(Exercise inputs begins)

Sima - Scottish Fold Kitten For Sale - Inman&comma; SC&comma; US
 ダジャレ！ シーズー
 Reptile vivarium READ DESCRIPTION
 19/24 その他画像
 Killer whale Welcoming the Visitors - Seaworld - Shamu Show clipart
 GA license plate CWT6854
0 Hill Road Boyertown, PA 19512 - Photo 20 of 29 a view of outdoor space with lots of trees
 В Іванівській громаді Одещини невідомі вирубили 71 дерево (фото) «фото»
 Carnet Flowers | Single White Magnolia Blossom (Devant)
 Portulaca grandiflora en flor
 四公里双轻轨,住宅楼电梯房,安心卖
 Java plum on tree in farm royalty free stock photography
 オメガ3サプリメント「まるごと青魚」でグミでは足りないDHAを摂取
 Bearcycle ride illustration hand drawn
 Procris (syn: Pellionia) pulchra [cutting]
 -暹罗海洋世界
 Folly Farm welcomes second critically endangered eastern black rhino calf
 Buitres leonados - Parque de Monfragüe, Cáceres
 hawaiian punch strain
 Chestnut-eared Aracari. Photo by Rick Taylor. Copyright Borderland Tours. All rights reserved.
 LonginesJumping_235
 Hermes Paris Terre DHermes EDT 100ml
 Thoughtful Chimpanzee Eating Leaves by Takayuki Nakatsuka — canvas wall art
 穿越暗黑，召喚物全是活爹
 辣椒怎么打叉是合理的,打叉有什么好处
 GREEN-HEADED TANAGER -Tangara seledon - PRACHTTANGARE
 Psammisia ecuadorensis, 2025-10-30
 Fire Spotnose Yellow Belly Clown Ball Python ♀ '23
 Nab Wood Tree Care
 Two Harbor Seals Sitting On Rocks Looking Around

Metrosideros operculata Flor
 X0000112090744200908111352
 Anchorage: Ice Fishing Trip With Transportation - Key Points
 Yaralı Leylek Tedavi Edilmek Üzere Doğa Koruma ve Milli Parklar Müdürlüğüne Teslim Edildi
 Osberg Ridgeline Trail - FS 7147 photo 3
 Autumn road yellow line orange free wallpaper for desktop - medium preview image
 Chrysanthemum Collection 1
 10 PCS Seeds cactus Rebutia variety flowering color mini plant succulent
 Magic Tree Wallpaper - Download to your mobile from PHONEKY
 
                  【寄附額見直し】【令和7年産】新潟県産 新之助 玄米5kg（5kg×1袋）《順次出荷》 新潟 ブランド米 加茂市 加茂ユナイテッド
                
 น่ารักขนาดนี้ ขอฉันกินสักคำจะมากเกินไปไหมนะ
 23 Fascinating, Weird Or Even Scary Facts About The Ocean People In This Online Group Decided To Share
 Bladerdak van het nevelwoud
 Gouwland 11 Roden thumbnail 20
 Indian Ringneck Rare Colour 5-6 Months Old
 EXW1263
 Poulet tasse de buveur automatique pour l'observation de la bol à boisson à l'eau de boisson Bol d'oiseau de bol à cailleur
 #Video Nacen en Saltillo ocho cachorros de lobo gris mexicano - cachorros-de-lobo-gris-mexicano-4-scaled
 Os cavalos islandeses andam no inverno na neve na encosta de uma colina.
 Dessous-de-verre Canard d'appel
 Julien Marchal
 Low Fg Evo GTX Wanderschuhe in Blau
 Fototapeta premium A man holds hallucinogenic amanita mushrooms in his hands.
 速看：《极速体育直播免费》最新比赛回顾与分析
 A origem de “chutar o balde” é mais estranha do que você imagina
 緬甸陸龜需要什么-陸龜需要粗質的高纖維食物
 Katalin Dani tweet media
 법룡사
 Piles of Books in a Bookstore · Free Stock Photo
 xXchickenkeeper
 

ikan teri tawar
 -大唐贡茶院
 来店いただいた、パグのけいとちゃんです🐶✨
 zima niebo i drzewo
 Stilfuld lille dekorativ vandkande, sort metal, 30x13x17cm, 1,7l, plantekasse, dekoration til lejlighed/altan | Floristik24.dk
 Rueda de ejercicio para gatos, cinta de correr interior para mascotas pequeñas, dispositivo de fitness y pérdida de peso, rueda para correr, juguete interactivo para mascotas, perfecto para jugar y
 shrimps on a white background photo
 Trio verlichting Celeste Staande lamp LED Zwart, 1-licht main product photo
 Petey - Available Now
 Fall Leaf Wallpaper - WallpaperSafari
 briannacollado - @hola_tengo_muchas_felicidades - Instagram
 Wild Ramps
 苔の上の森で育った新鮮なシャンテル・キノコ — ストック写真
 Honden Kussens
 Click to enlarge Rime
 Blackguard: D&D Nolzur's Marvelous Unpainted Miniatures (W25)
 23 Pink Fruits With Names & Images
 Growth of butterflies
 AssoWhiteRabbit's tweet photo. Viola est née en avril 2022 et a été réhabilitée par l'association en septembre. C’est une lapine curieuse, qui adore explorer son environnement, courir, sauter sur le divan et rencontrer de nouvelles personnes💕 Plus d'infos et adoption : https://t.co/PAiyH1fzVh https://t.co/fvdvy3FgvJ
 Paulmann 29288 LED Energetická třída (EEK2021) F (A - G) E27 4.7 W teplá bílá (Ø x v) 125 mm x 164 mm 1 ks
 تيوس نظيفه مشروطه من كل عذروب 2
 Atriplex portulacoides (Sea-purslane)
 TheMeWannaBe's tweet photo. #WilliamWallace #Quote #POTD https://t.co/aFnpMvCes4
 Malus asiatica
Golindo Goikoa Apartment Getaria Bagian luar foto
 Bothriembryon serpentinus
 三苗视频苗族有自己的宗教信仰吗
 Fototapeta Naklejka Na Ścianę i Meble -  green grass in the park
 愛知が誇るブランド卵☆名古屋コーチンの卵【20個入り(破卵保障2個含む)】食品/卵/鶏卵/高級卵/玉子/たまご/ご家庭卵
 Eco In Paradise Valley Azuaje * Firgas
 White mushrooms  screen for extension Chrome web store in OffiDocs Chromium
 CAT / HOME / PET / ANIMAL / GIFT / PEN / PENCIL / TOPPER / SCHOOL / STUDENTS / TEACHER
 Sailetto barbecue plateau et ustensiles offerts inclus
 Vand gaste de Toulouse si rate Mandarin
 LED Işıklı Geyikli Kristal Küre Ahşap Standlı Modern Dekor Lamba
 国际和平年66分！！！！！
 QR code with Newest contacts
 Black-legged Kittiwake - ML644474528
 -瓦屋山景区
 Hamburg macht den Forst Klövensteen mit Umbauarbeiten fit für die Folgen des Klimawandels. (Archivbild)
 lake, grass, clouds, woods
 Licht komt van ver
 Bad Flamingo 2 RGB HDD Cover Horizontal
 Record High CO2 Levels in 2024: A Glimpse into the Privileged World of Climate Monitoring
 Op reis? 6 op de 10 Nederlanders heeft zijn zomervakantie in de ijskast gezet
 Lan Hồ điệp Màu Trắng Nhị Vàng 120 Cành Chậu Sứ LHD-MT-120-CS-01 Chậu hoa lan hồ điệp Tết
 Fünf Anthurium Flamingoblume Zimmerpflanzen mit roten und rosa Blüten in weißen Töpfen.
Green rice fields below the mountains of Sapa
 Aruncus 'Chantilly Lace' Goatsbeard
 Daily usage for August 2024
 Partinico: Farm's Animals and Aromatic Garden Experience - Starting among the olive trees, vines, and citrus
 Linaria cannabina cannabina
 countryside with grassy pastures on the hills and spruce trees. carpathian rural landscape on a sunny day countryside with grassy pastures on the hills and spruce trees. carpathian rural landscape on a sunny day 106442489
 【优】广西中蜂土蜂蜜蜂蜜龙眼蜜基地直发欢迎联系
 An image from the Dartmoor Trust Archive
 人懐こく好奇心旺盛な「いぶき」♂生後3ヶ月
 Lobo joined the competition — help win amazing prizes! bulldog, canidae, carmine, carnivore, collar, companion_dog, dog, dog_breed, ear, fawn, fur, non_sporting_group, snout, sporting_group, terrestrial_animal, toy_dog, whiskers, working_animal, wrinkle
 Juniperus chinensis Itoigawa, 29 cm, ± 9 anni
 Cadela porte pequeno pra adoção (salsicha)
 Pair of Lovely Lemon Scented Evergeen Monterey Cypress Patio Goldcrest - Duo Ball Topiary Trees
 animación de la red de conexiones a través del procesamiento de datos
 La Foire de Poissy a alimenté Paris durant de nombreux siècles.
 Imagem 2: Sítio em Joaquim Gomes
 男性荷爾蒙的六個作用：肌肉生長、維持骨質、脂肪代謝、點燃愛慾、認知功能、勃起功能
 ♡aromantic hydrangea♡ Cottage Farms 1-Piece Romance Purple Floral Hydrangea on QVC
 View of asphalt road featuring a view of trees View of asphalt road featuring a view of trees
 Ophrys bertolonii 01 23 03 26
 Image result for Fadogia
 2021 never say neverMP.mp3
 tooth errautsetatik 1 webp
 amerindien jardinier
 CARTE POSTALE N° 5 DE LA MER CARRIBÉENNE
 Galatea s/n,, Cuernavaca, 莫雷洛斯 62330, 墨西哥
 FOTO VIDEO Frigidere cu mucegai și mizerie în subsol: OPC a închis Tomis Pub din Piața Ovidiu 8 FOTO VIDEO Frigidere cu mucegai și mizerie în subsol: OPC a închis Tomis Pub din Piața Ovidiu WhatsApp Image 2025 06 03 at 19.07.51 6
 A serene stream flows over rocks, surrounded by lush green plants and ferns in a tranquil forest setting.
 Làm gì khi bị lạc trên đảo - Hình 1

(Exercise inputs ends)

**Task objective:**
Return exactly the lines above from the line that has "CAT / HOME /" through the line that has "Op reis? 6 op", inclusive, and nothing else.

**Response for this exercise:**
 CAT / HOME / PET / ANIMAL / GIFT / PEN / PENCIL / TOPPER / SCHOOL / STUDENTS / TEACHER
 Sailetto barbecue plateau et ustensiles offerts inclus
 Vand gaste de Toulouse si rate Mandarin
 LED Işıklı Geyikli Kristal Küre Ahşap Standlı Modern Dekor Lamba
 国际和平年66分！！！！！
 QR code with Newest contacts
 Black-legged Kittiwake - ML644474528
 -瓦屋山景区
 Hamburg macht den Forst Klövensteen mit Umbauarbeiten fit für die Folgen des Klimawandels. (Archivbild)
 lake, grass, clouds, woods
 Licht komt van ver
 Bad Flamingo 2 RGB HDD Cover Horizontal
 Record High CO2 Levels in 2024: A Glimpse into the Privileged World of Climate Monitoring
 Op reis? 6 op de 10 Nederlanders heeft zijn zomervakantie in de ijskast gezet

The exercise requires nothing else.